Shortly after the terror attack near Hebron on Monday, in which an Israeli woman was killed and a man seriously injured, IDF Maj.-Gen. Yehuda Fox pushed back against a renewed wave of criticism coming from members of the government.
Fox, chief of the IDF Central Command, which is responsible for security in Judea and Samaria, told Ynet news on Monday that Israel is in the midst of “a wave of terror of the kind we haven’t seen in a long time.”
Fox emphasized that “the IDF and security forces operate every day in the villages, the town centers, and the refugee camps to thwart the terror. Most of the time, we are successful but today and last week, we are in a tough period and didn’t have success. We will hunt the enemies from Huwara, Hebron and every other place and will make them pay.”
Hamas and the Palestinian Islamic Jihad were responsible for the recent rise in terror attacks, Fox stressed in response to coalition members who blamed the Israeli military for not doing enough to prevent terror.

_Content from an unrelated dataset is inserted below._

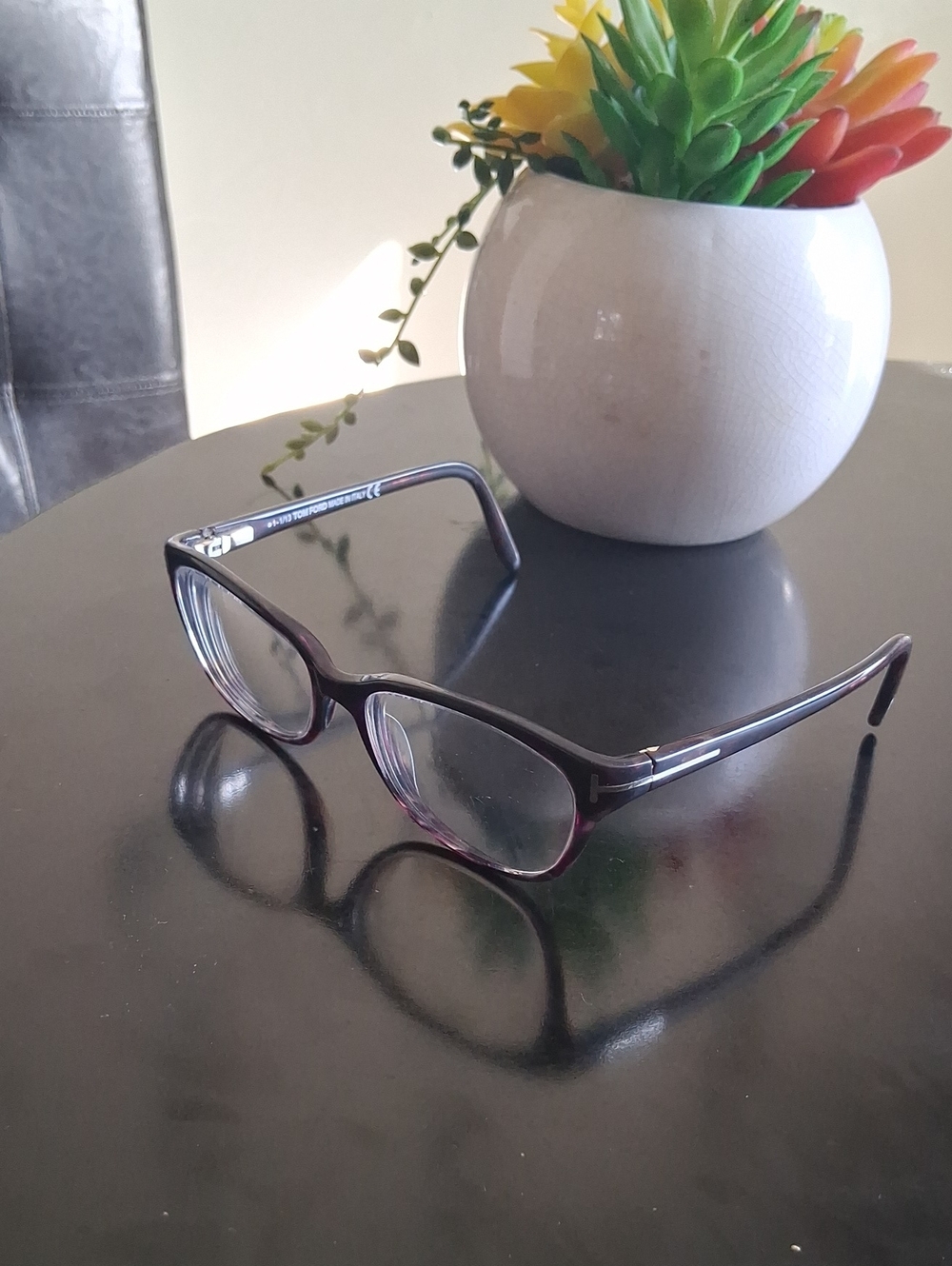 Tom Ford Women’s Purple Gradient Cat-Eye Reading Glasses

“Nobody limits us in activity or means. We thwarted many terrorist attacks in the past year, in the Hebron area as well as in northern Samaria,” Fox added.
Both areas of the West Bank have been hotspots of recent terrorist activity.

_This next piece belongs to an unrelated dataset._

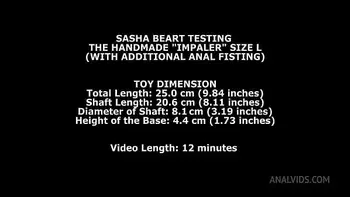 Sasha Beart Testing The Handmade Impaler Size L (With Additional Anal Fisting) TWT081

In response to the second deadly terror attack in three days, National Security Minister Itamar Ben Gvir requested that the next meeting of the government’s security cabinet, scheduled for Sept. 10, be brought forward to next Sunday.
Earlier, Ben Gvir had joined some of his coalition colleagues who criticized the security policy, calling it “too lax.” He demanded the cabinet return to a policy of wide-reaching closures of villages and sieges against towns in the West Bank, as well as the increase of checkpoints on the roads.
Amid the recent rise in terror attacks, activists on social media began a campaign to fire Fox from his position, as they see him as personally responsible for the perceived failure to keep Israeli settlers in Judea and Samaria safe.
Fox also spoke about the first results from the investigation into the attack near Hebron on Monday morning, in which Batsheva Nigri, 42, was murdered in front of her 12-year-old daughter and Aryeh Gottlieb, 39, was seriously wounded.